Women who abuse crystal methamphetamine may not seek proper prenatal care or follow healthy nutrition habits in lieu of meth addiction. Additionally, meth use can raise blood pressure; a problem during pregnancy as blood flow becomes restricted to the fetus. This can result in a condition called small-for-gestational-age, or SGA.

The March of Dimes offers that babies born to mothers who use meth during pregnancy are three times more likely to grow poorly before birth. The result is low infant birth weight under 5.5 pounds and small head circumference, which puts baby at risk for immediate health complications, such as infections and death, as well as mental development problems. Smoking and consuming additional illegal drugs in combination with meth use during pregnancy can increase fetal risk for SGA, as well.

Birth Defects

In-depth studies on the relationship between prenatal methamphetamine use and birth defects are ongoing. However, the American Academy of Pediatrics (AAP) suggests in a 2006 study; ‘The Infant Development, Environment, and Lifestyle Study: Effects of Prenatal Methamphetamine Exposure, Polydrug Exposure, and Poverty on Intrauterine Growth,’ that babies born to mothers who used methamphetamine present a higher risk for birth defects, such as cleft lip and heart defects. Prenatal meth use can cause fetal brain hemorrhage and stroke, as well as defective development of the abdomen and intestines, as well.

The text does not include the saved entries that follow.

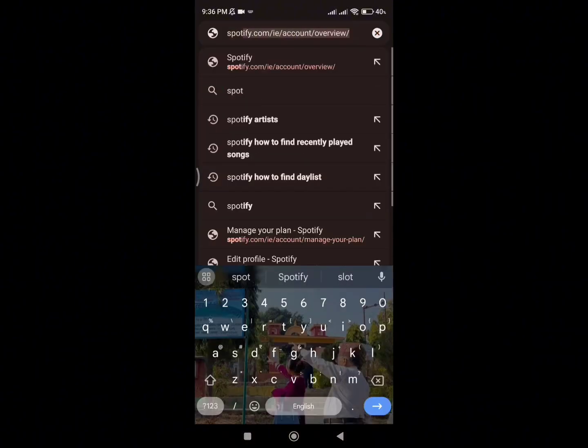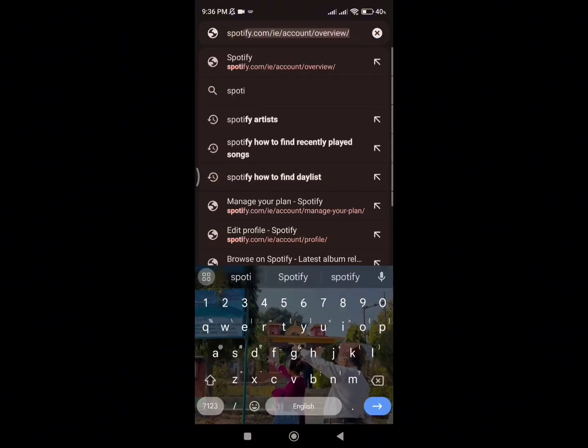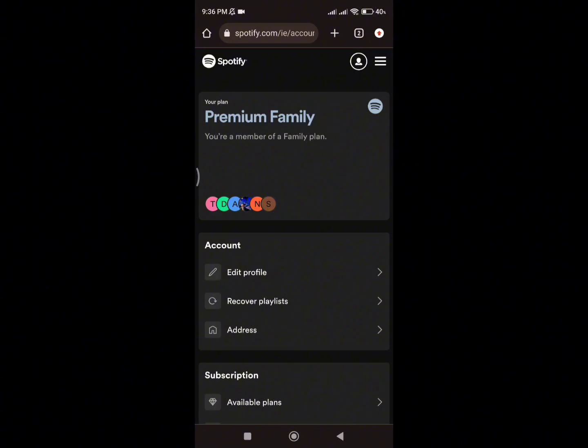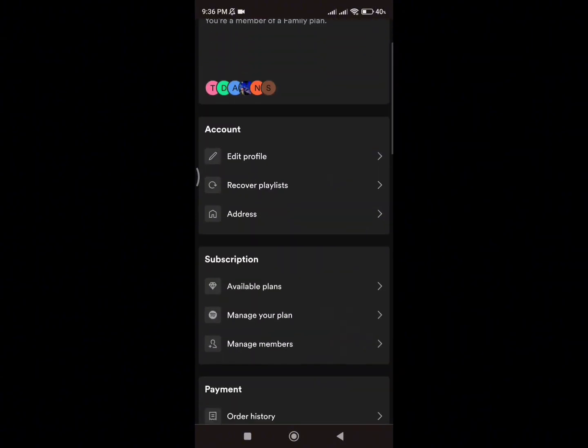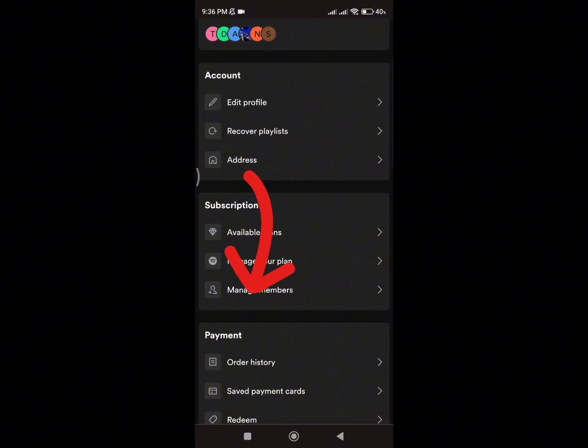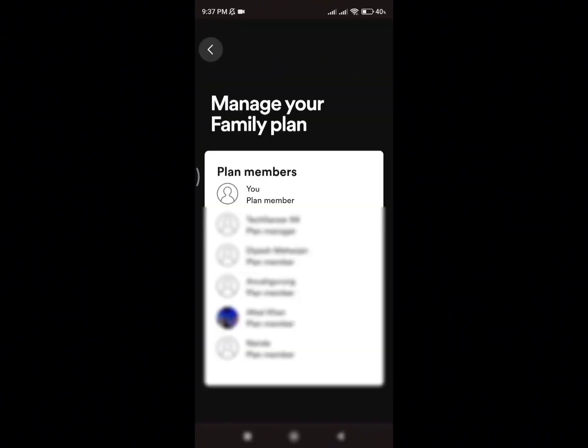First, go to any browser and type spotify.com, making sure you are logged into your account. You will land on the home page where you need to click on the 'Manage Members' option under the subscription section.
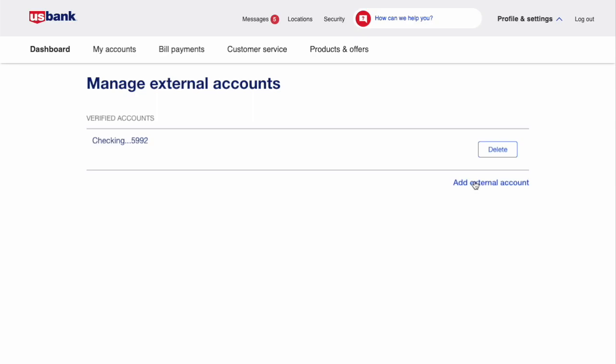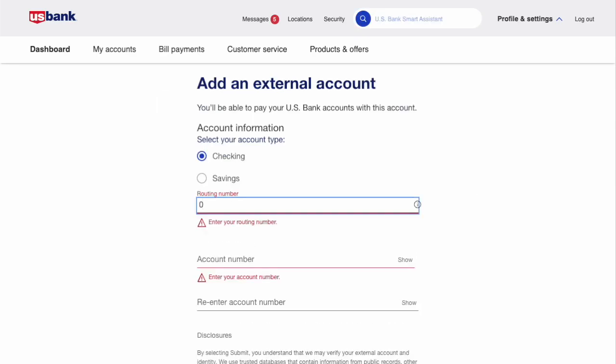Click on the button Add external account. On the Add external account page you have to select the type of the account — checking or savings.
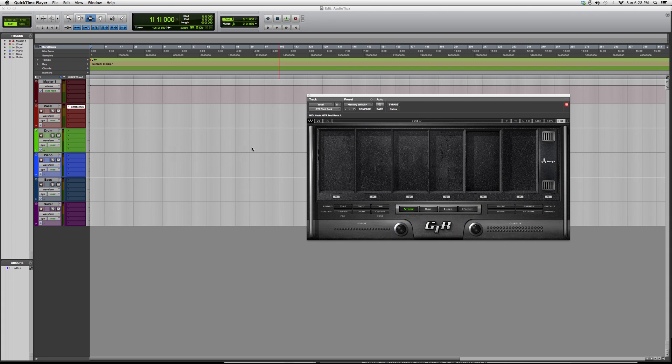That's basically it. Thank you guys for watching. This is the GTR Tool Rack - this is exactly how it looks, exactly how it works. There's a little overview on it. Thank you guys for watching, I hope you enjoyed, and please subscribe.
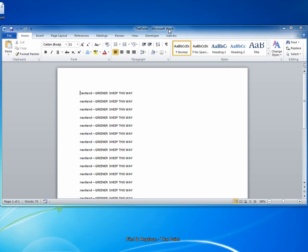First, open the document you wish to use Find and Replace on. You can see here that I've opened up this document. I want to replace every instance of the word sheep with grass because our real tagline is greener grass this way.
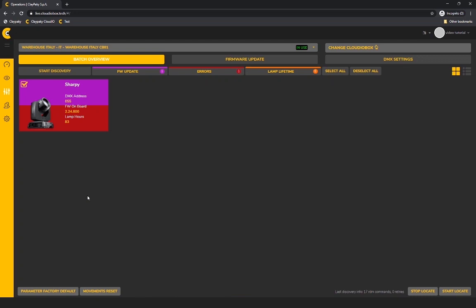In this case, you have violet and red. Violet means that the fixture needs to be updated and red means that there are some internal errors present.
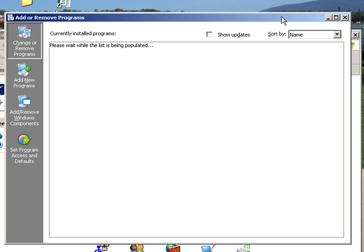And once they do, they are alphabetically ordered. You will look for Google Talk, you will select it and you will click remove, and this way you will remove the program from your computer.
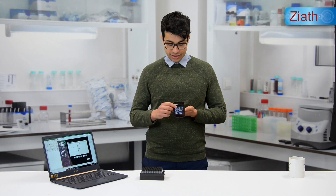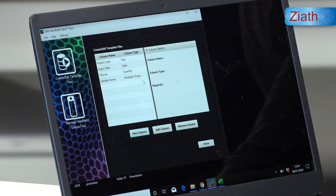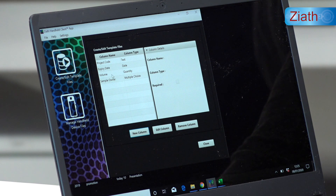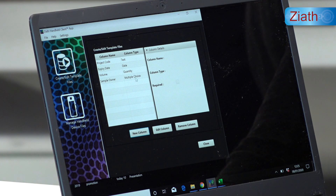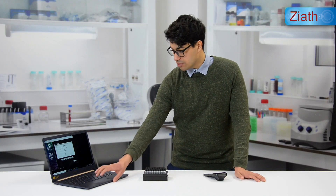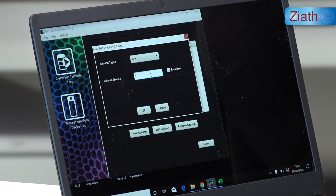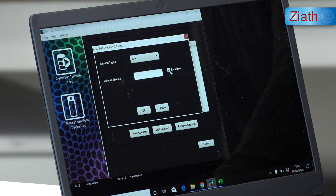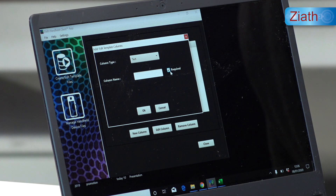Now I'm going to explain what the add and edit data function does. We must first place a template that we create using the handheld client onto the handheld. To create a template, we use the create and edit template files application. Here I've created an example template which contains the fields: project code, expiry date, volume, and sample owner. The handheld client can create different parameters for the data — these are text, date, quantity, and multiple choice. The field can also be set as required, meaning that field must be included when sample data is added.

A baby born before thirty-seven weeks gestation is considered premature. Women who use meth during pregnancy face the possibility of premature birth due to meth-induced high blood pressure, and placental problems caused by meth use. Babies born to mothers who used meth have smaller birth weight. When combined with prematurity, this can increase the risk for small size and underdevelopment. Prematurity places baby at risk for infection, lung and breathing problems and death.